Staff Notes: North Korean Refugees, Memories, Home

The following post was written by Crossing Borders volunteer staff: Years before I started volunteering with Crossing Borders to serve North Korean refugees and orphans, I remember going on a brief visit to Northeast China with my grandfather. We stopped at a North Korean restaurant staffed by beautiful young North Korean waitresses. The North Korean government owns several restaurants throughout Asia, which are fully staffed and managed by approved North Korean patriots under the employ of their government. My grandfather, a North Korean refugee, who was born in North Korea and still had siblings living there, asked the women about their lives and their families. I knew he took pity on their situations. Although they were living in relative freedom in China they were, essentially, still enslaved to the North Korean government, working long hours for little pay. Yet with frozen smiles and identical expressions, each professed their undying devotion to their homeland and their “Eternal Father” Kim Il Sung. They each wore a small red Kim Il Sung pin on their uniforms and spoke no ill of their leader.
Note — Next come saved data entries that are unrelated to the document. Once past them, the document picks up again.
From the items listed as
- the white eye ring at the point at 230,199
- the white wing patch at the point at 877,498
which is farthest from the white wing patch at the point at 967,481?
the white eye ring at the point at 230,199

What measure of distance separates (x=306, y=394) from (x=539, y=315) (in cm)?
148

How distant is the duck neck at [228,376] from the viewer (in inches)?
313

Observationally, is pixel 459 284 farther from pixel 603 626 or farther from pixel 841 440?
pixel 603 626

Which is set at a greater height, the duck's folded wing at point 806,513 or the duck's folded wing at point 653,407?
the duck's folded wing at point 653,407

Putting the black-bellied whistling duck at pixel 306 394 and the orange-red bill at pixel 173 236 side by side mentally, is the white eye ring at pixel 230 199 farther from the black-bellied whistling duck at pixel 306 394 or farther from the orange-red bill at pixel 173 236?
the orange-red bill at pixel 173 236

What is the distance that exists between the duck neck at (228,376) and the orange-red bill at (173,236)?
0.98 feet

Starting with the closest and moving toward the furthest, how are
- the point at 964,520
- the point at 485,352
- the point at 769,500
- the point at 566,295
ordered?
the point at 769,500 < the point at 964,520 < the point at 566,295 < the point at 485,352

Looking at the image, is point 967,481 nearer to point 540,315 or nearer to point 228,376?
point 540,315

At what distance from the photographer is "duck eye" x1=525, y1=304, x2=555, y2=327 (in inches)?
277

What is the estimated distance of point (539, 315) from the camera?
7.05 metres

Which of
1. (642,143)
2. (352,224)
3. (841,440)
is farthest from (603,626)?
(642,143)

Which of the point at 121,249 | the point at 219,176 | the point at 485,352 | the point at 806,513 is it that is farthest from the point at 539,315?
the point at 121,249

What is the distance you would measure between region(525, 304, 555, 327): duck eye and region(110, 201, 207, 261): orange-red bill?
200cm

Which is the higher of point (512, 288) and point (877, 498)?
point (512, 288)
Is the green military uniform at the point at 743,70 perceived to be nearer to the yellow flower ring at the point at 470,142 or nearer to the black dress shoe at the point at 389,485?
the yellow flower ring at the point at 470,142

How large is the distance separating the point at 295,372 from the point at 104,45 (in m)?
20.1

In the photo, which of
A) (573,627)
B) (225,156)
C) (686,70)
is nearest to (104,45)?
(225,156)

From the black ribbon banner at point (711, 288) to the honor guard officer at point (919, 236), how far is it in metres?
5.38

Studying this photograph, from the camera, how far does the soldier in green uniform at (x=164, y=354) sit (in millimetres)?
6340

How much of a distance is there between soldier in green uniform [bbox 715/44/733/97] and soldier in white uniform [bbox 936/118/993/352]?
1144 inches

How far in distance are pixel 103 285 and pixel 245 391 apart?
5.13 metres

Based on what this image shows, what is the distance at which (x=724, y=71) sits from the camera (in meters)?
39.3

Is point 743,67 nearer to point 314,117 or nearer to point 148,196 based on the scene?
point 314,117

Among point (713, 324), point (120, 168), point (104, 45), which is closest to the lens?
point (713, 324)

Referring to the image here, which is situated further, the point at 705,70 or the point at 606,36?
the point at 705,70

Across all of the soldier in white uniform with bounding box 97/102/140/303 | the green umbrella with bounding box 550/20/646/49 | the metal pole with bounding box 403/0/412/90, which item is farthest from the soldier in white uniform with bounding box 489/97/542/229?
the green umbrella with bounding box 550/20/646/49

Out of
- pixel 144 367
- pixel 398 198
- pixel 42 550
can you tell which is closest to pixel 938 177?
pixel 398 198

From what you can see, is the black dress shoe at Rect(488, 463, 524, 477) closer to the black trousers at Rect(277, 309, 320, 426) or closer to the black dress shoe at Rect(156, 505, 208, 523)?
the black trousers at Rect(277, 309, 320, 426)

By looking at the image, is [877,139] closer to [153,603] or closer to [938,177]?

A few years later, I found myself watching a documentary entitled State of Mind, which followed the lives of two young North Korean gymnasts as they prepared with single-minded devotion for "The Mass Games”, a performance held in honor of North Korea's leader. The gymnasts placed all their efforts and hopes into the chance that they might perform for Kim Jong Il. Their months of labor and practice resulted in a flawless performance. But on the day of the Games, the Supreme Commander failed to show. , The disappointment and pain in their eyes was evident.

Many of the North Korean refugees assisted by Crossing Borders long to return to their homes in North Korea. Though they have been informed that their leaders Kim Il Sung, Kim Jong Il and Kim Jong Un are not gods, that North Korea is not paradise on earth, their home still beckons them from a distance. Memories and shared histories are still too powerful to forget. This is perhaps why my own grandfather remains drawn to any news about his former home, why he continues to travel along the border between China and North Korea, hoping to catch glimpses of any North Koreans on the other side.

On one of our visits, while riding a tourist ferry along the Tumen River, we happened to see some North Korean children playing in the water. They were close enough that we could hear their laughter. My grandfather reached out his arms and wistfully remarked that he wished there was something he could give them. Only half-joking, he thought of throwing them small bags of rice or money. But soon our small tour boat turned around and we were headed back, moving further and further away from the shores of North Korea.